* **Raw data**
○ ○ ○

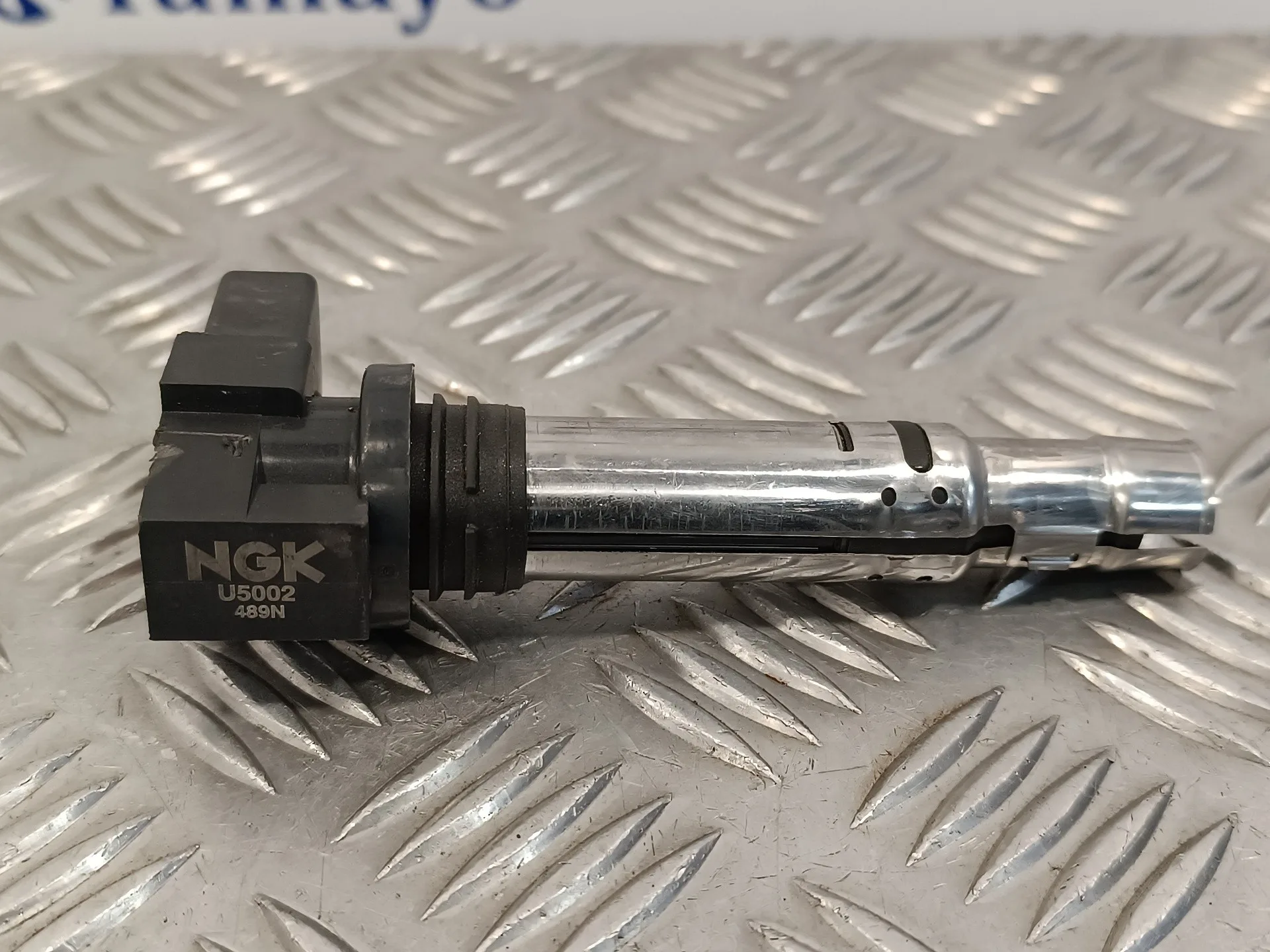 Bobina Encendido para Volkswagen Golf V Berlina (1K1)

○ ○ ○

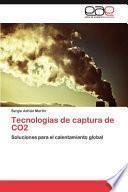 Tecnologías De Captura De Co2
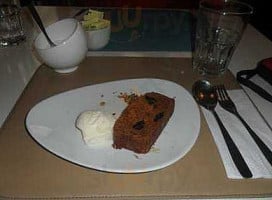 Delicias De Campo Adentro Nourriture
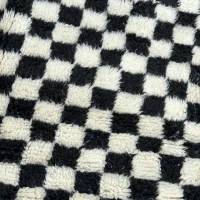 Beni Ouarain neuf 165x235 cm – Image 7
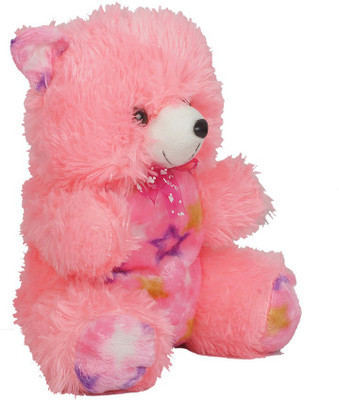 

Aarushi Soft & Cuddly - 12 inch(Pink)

○ ○ ○

* **Exercise description**
Copy exactly the lines of the entries above from the one containing "Beni Ouarain neuf 165x235 cm – Image 7" through the one containing "Aarushi Soft & Cuddly - 12 inch(Pink)". Both end lines count; pictures do not.

* **Response area**
 Beni Ouarain neuf 165x235 cm – Image 7

Aarushi Soft & Cuddly - 12 inch(Pink)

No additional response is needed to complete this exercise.